Sam Stone of Brandon and Nora Swan of Ripton met five years ago when their sons were in the same play group. Two years into their friendship, Swan said she wanted to make something with sheep’s wool and Stone shared an idea she had to make baby booties, along with a book that told the story of each sheep in her small flock.
“It was part entertainment, part education, part deluxe fabulous baby gift,” Stone said. “I mentioned it to Nora and she said, ‘Let’s do it.’”
Stone had taught herself how to turn sheep’s wool into felt, and they researched online how to make booties.
And thus was born Little Hill Woolworks, named after Stone’s homestead in Brandon where she lives with her husband, musician Kenny Cifone, and their three children; Luka, 7, Clara, 5, and Arlo, 2.
Each set of booties, which are a work of art unto themselves, comes with a tag explaining which sheep’s wool was used to make those booties and describes that sheep’s personality.
SWAN’S ARTISTIC ROOTS
After about a year or so, Swan suggested that she try to make a hat.
“That’s when she starts telling me, ‘Trust me,’” said Stone, who began to learn that Swan wasn’t just an artsy-craftsy person. Turns out Nora Swan spent a decade in New York as a professional milliner, a maker of hats. She started by taking a millinery course at the Fashion Institute of Technology (FIT).
 “I’d always been drawn to hats,” Swan said. “But it was always something I did as a creative outlet, not for anyone but myself.”
After FIT, she studied for 18 months under the revered Lola Ehrlich, and then moved on to working for the renowned Lynne Mackey before striking out on her own. She designed and made hats for Broadway shows like “The Lion King” and “Our Town,” as well as the Metropolitan Opera and the New York Ballet. There was also some work in film.

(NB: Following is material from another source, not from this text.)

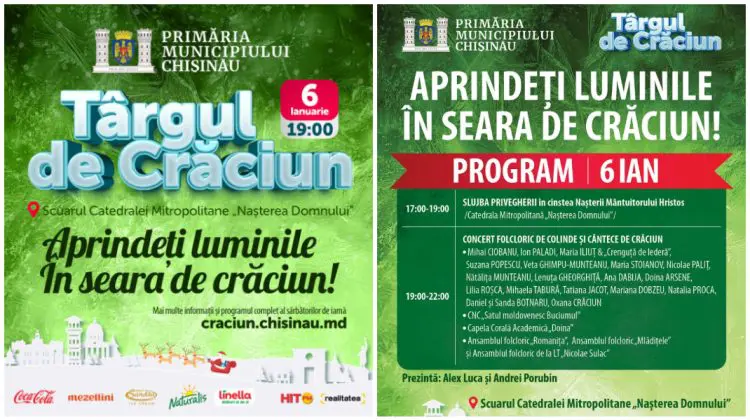 „Aprindeți luminile în seara de Crăciun!”. Concert de colinde pe 6 ianuarie, în scuarul Catedralei Mitropolitane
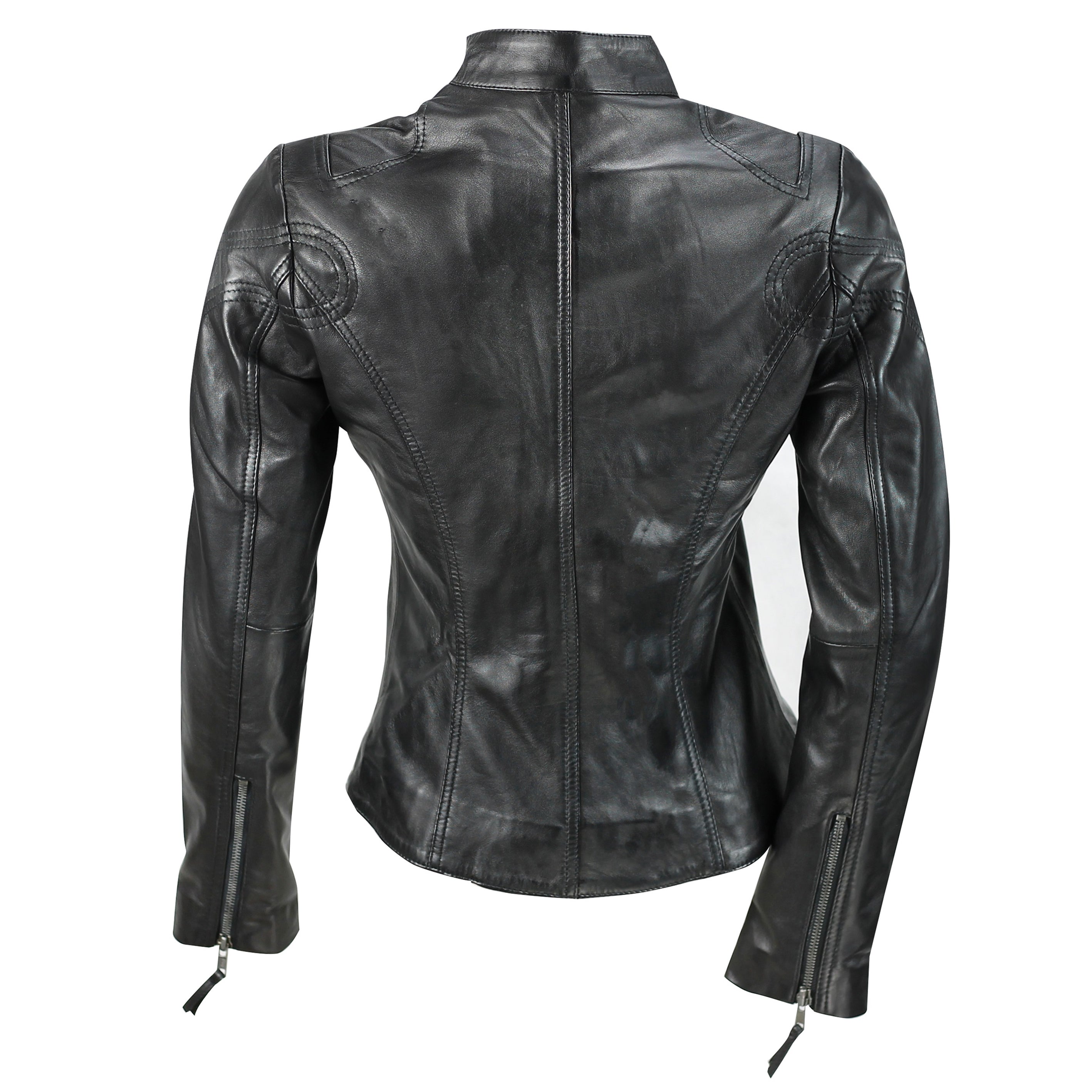 Retro Leather Biker Jacket Black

“I learned historically accurate hat making, and I learned how to do things that people don’t do anymore,” she said. “And it was so much fun working with Lynne because she knew everyone and everything and we were making these fabulous hats.”
Swan said she has always negotiated a delicate balance between her intellectual side and her love for aesthetic artistry, which explains her master’s degree in environmental communication and PhD in environmental sociology from the University of Wisconsin-Madison. She had gotten married and left New York, moving with her husband to Madison.
“There wasn’t a lot of call for hats in Wisconsin,” she said wryly. “I met a professor who wanted me to go to graduate school, and I’ve always had a theoretical bent.”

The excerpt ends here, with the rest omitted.